Train Transformer Autoencoder for Eigenvector-based CSI Feedback Compression

Since R2026a

This example uses:

This example shows how to train an autoencoder neural network with a transformer backbone to compress downlink channel state information (CSI) over a clustered delay line (CDL) channel.

In this example, you:

Define and Train Neural Network Model with a transformer backbone for CSI feedback autoencoding.
Test Network accuracy and the Effect of Quantized Codewords on the system performance.

Type I and Type II codebooks specified in 3GPP Release 15 are based on implicit CSI feedback where the UE performs singular value decomposition (SVD) on downlink CSI matrix to extract the eigen vectors to form the precoding matrix. The precoding matrix is used to search predefined codebooks to select the precoding matrix indicator (PMI) which the UE transmits to the gNB. 3GPP Release 19 investigated the use case of DL-based CSI feedback based on the existing mechanism of using implicit feedback where neural networks replace the PMI modules at the UE and the gNB. Compared to CNN autoencoders, transformer networks can exploit long-term dependencies in data samples by using a self-attention mechanism. For CSI feedback, a transformer network can outperform a CNN in capturing the channel features across frequency subcarriers and transmit antennas.

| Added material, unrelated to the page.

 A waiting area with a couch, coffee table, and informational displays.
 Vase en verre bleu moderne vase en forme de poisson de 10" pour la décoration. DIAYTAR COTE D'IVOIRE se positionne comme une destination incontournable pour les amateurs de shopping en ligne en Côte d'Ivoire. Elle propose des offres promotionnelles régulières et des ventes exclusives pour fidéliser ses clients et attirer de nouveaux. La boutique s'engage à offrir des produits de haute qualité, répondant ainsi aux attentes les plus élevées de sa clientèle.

In this example, you design and train an autoencoder with a transformer backbone for eigenvector based CSI feedback (implicit CSI feedback [3]) compression. The UE forms the precoding matrix and uses the encoder network to generate PMI for feedback. Correspondingly, the gNB uses the decoder network to reconstruct the precoding matrix based on the received PMI.

AI Workflow for CSI Feedback

Steps in this AI-based CSI feedback workflow include data generation, data preparation, and model training. You can run each step independently or work through the steps in order. Train Model is the focus of this example.

For a description of the CSI feedback process and AI workflow, see AI-Based CSI Feedback. Briefly, the workflow steps are:

1. Generate Data - Generate channel estimate data, as shown in the Generate MIMO OFDM Channel Realizations for AI-Based Systems example.

2. Prepare Data - Data preparation, as shown in the Preprocess Data for AI Eigenvector-Based CSI Feedback Compression example.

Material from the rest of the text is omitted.